• THE PROBLEM:
What you should end up with is an exact copy of the lines from the one holding "pathway leading through" through the last line of the entries below, both included, and nothing else; leave every picture out.

#####

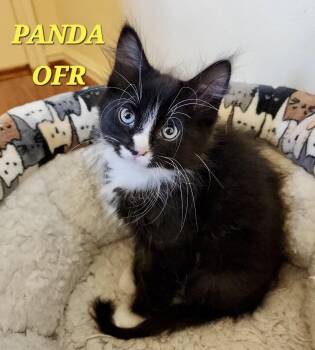 Rescue Domestic Medium Hair Cats for Adoption in Owasso, Oklahoma - Panda | PetCurious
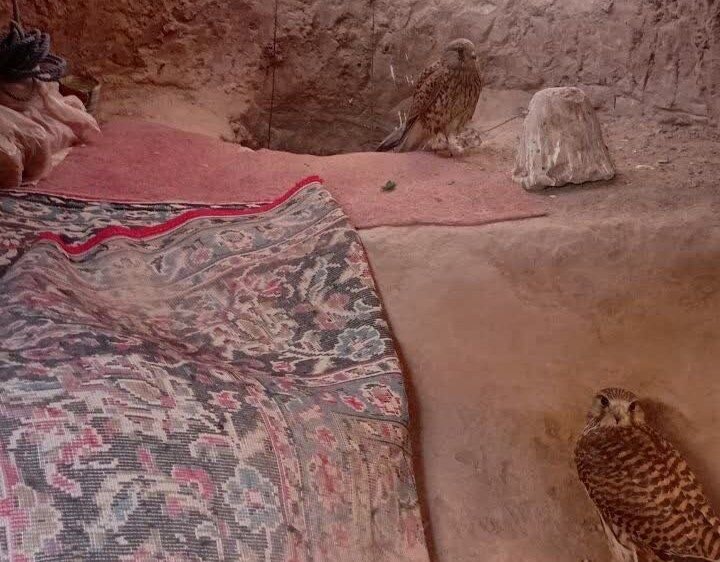 شكاري،صيد،پرندگان،آرادان،دليجه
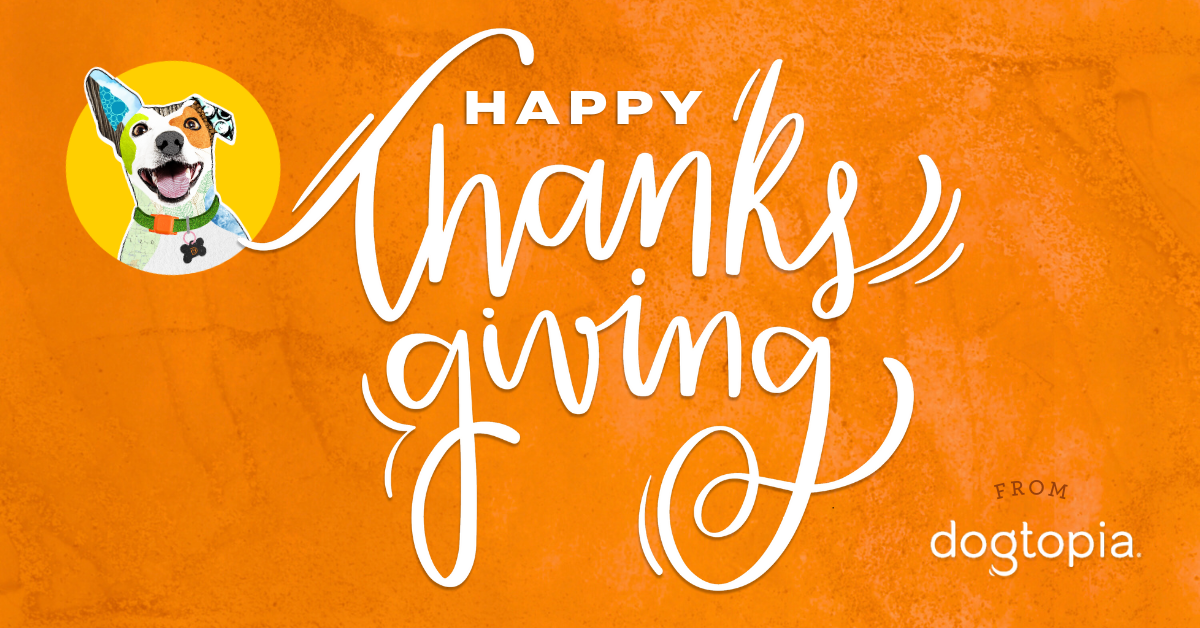 bd912b4a-29d9-4f31-889d-02d0b618b4df image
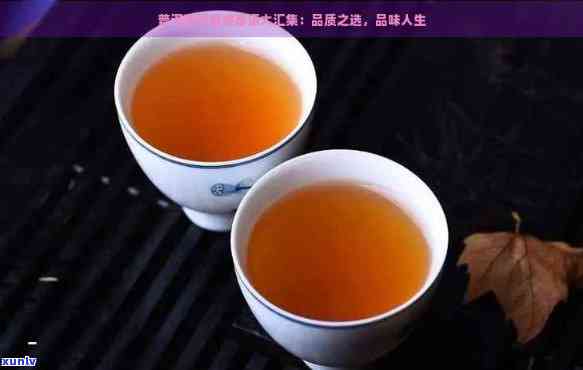 临沧普洱茶传标语：品茗临沧，品味人生。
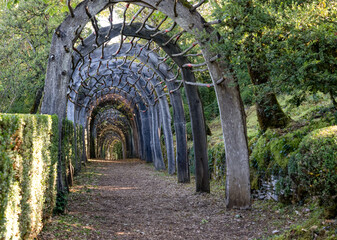 pathway leading through a covered wooden arch tunnel  and foliage 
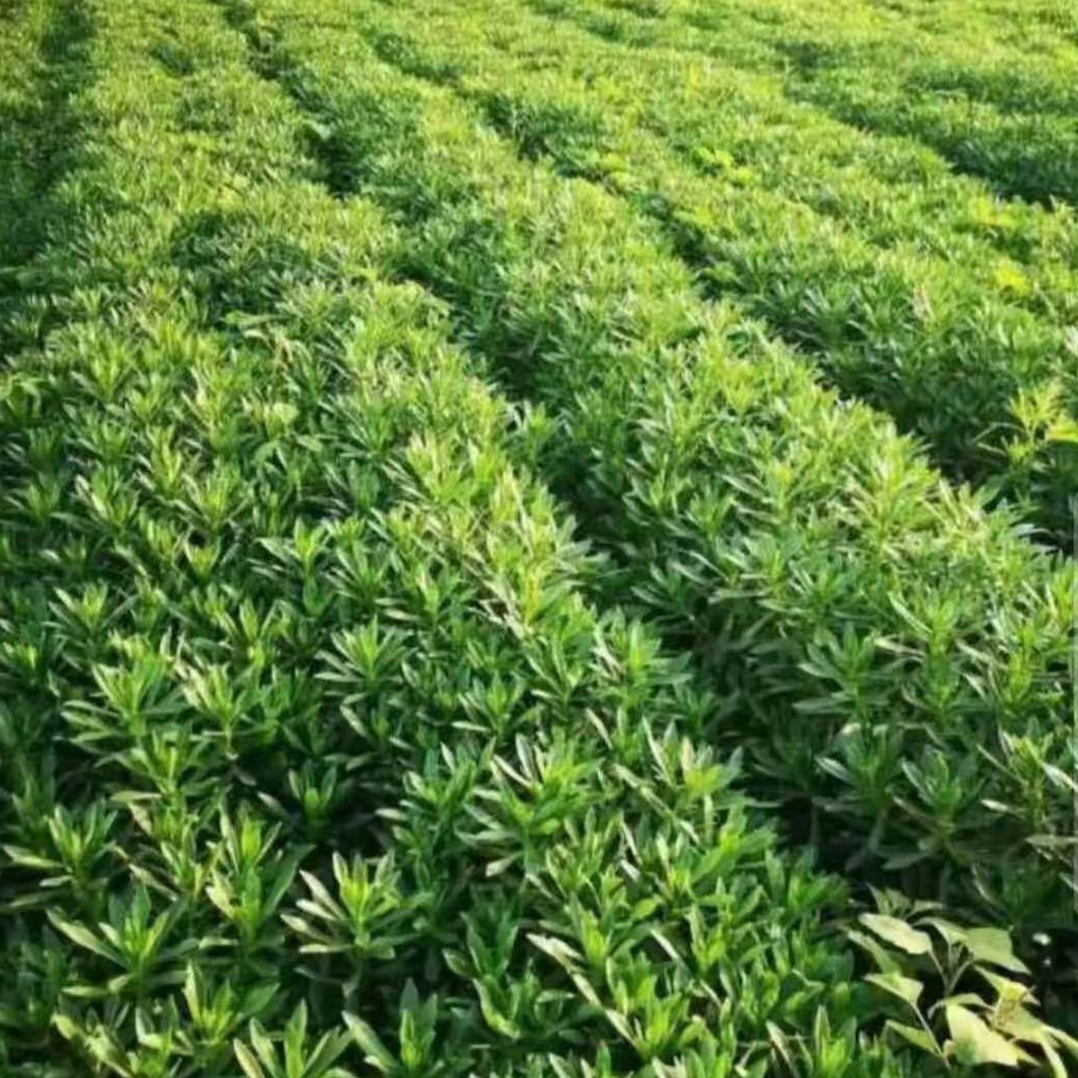 救心菜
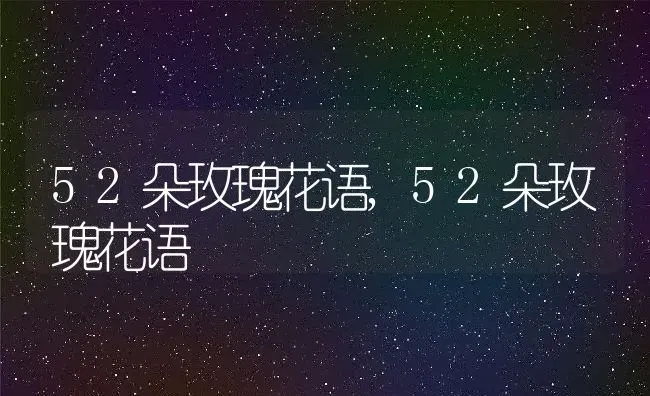 52朵玫瑰花语,52朵玫瑰花语 | 养殖科普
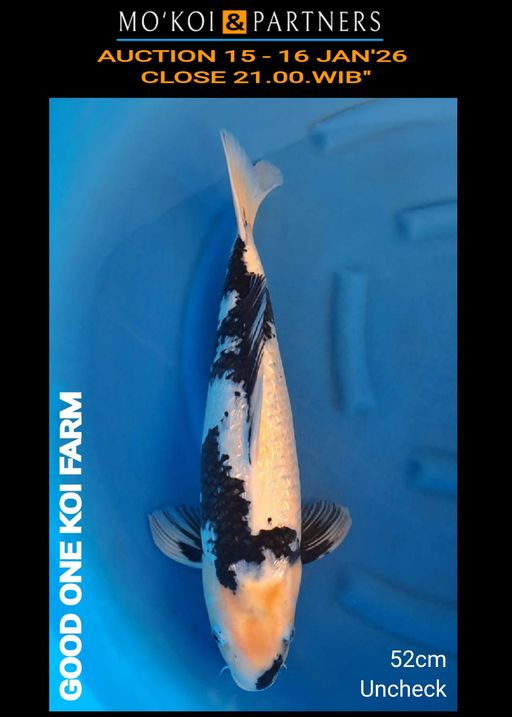 Lelang Koi Online, Jual Beli Ikan Koi, Pusat Jual Beli Koi, Info Lelang Koi Hari Ini, Platform Jual Beli Koi, Jual Beli Ikan Koi Online, Marketplace Ikan Koi, Jual Koi Terbaik, Tempat Beli Koi Berkualitas, Pasar Ikan Koi Online Terpercaya, Penjual Ikan Koi Terpercaya, Beli Koi Hias Online, Ikan Koi untuk Dijual, Koi Kualitas Terbaik, Toko Online Ikan Koi, Koi Hias Untuk Dijual, Jual Beli Ikan Koi Lokal, Koi Indonesia Online, Pusat Jual Beli Koi Terbesar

#####

• ANSWER BOX:
 pathway leading through a covered wooden arch tunnel  and foliage 
 救心菜
 52朵玫瑰花语,52朵玫瑰花语 | 养殖科普
 Lelang Koi Online, Jual Beli Ikan Koi, Pusat Jual Beli Koi, Info Lelang Koi Hari Ini, Platform Jual Beli Koi, Jual Beli Ikan Koi Online, Marketplace Ikan Koi, Jual Koi Terbaik, Tempat Beli Koi Berkualitas, Pasar Ikan Koi Online Terpercaya, Penjual Ikan Koi Terpercaya, Beli Koi Hias Online, Ikan Koi untuk Dijual, Koi Kualitas Terbaik, Toko Online Ikan Koi, Koi Hias Untuk Dijual, Jual Beli Ikan Koi Lokal, Koi Indonesia Online, Pusat Jual Beli Koi Terbesar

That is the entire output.